A part ça, tu as bien compris le sens de la phrase.


----------



## sleepymarmot

Bonjour Micka, c'est bien "frappé"! C'est pour cela que je doutais... C'est français quebecoise...

J'ai contrôle le titre sur le journal. En effet il étais "vieil" comme comme vous le dis!
Merci encore
Marmot


----------



## micka

[...]
Ahh d'accord, cela explique le "frappé" alors. Peut-être qu'un québecois va confirmer.
(...)
[...]
 Mais par contre, il était écrit "frappé" aussi ?
Parce qu'en lisant "frappé", j'ai l'impression que quelqu'un a pris le train et a frappé quelqu'un d'autre avec (ou alors ça vient de moi )


----------



## sleepymarmot

Bonsoir Micka, et merci pour tes rectifications de mes (nombreux ) fautes de grammaire!
Mais l'autre mot étais écrit bien "frappé"! C'est peut-être dans l'usage québécois.
Marmot


----------



## wildan1

Bon la question reste sans réponse depuis longtemps et je ne suis pas Québécois, mais je pense que le titre doit être un calque sur l'anglais: [...]


----------



## Nicomon

Je suis Québécoise et je confirme... que - calque ou non - l'expression est très courante au Québec. On entend régulièrement aussi frappé par une voiture. 
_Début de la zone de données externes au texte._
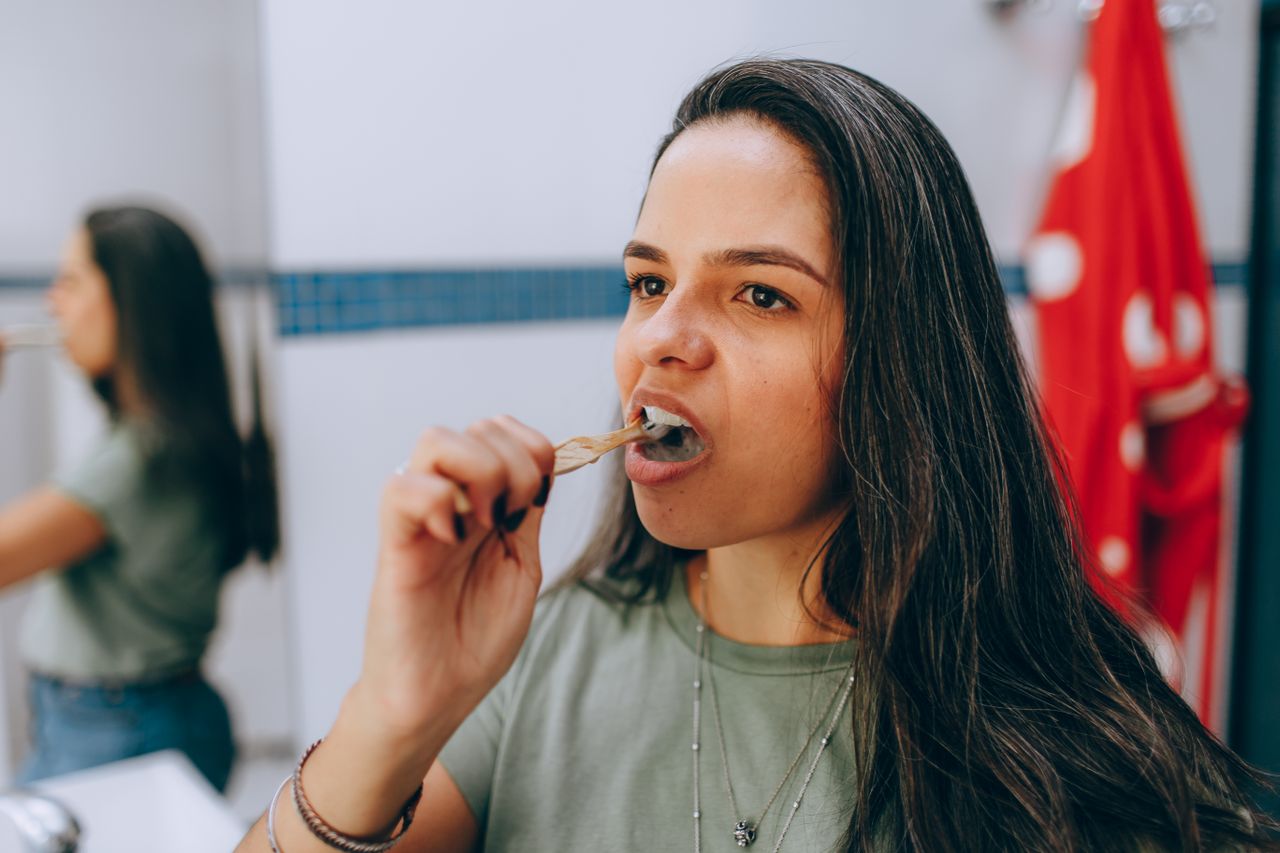 Woman brushing her teeth in a bathroom.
Mais c'est peut-être aussi une « extension de sens ».

Dans le contexte, le verbe - qui veut bel et bien dire « heurté » a été utilisé dans ce sens :


> Atteindre, toucher violemment. Frapper un cycliste, un mur.


 
Plutôt que d'être _frappé d'un coup de poignard_... il a été _frappé_ (_de plein fouet/à mort_) _par un train_. Disons que dans notre vocabulaire, s'il est _frappé_... il est _heurté... _plus violemment.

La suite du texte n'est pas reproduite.